Po wodowaniu w chińskiej stoczni Xingang do eksploatacji weszły już "Kujawy", w połowie kwietnia
mają wejść "Mazury". Potem do końca tego roku na morzach pojawią się "Podhale" i "Warmia". I na tym zakończy się pierwszy kontrakt, który nadzoruje w tamtejszej stoczni czterech pracowników
Polskiej Żeglugi Morskiej. Od 2008 roku mają powstawać kolejne cztery średniej wielkości masowce klasy handy, na które kontrakt już się uprawomocnił.
Szefowie szczecińskiego armatora poinformowali, że
jeżeli utrzyma się dobry rynek przewozowy, to chcieliby odnowić flotę także w innych segmentach masowców.
- Trwają prace nad poszukiwaniem stoczni, która zechciałaby zbudować sześć statków do żeglugi z
Atlantyku na Wielkie Jeziora Amerykańskie. Miałyby one po 30 tys. DWT - poinformował niedawno Leszek Trachimowicz, dyrektor pionu techniczno-inwestycyjnego PŻM.

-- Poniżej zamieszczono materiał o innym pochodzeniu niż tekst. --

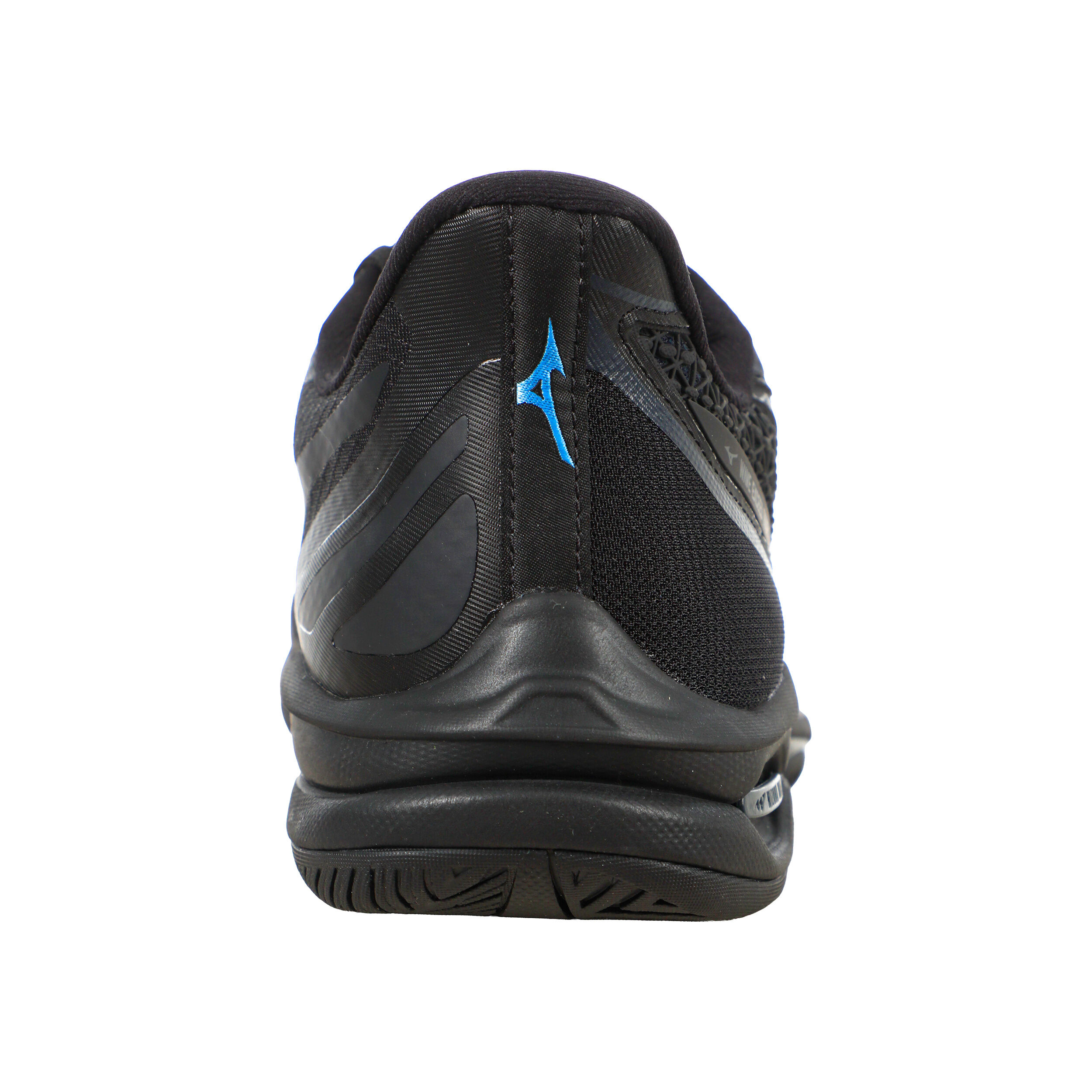 Mizuno Wave Exceed Tour 7 All Court Shoe Men Black | Tennis-Point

Ostatnie "lakersy" (jeziorowce)
powstały w stoczni japońskiej pod koniec lat 90. To "Isa", "Isolda", "Isadora", "Iryda" i "Irma". Każdy ma prawie 35 tys. DWT i pływa pod banderą cypryjską.
Armator chciałby również
zamówić nowe jednostki z grupy panamaksów, czyli dużych frachtowców zdolnych zmieścić się w Kanale Panamskim (ok. 75 tys. DWT). Być może zamówiono by cztery takie masowce. Ostatnie takie jednostki - z
serii kombatanckiej - wybudowano dla PŻM w latach 1991-92. Były to "Polska Walcząca", "Legiony Polskie", "Orlęta Lwowskie", "Szare Szeregi", "Armia Krajowa" i "Solidarność".
Wszystkie wożą towary pod banderą Vanuatu.
Podczas konferencji prasowej podkreślano jednak, że dalsze poszerzenie programu odnowy tonażu jest możliwe pod warunkiem, że rynek przewozów morskich będzie
nadal tak zyskowny jak obecnie. Hossę armatorzy przeżywają głównie za sprawą Chin, które importują wielkie ilości surowców. Opinie na temat czasu trwania chińskiego boomu gospodarczego są jednak
podzielone.
Nie tylko nowymi budowami żyją w PŻM. W tym roku armator ze Szczecina będzie jednak musiał zlecić aż 36 remontów statków. Na razie trudno jednoznacznie oszacować, ile będą kosztować. W 2004
r. na tzw. techniczne utrzymanie floty - remonty, przeglądy, części zamienne - wydano ok. 40 mln USD. W tym roku ma być wydanych więcej pieniędzy, bo budżet PŻM oparty jest na dolarze amerykańskim, a ten
w ostatnich miesiącach stracił na wartości. Dyrektor Trachimowicz przypomniał, że przedsiębiorstwo będzie remontowało swoje jednostki w stoczniach basenu Morza Bałtyckiego, a więc w krajach, w których
walutą rozliczeniową jest złoty, euro lub inna waluta unijna.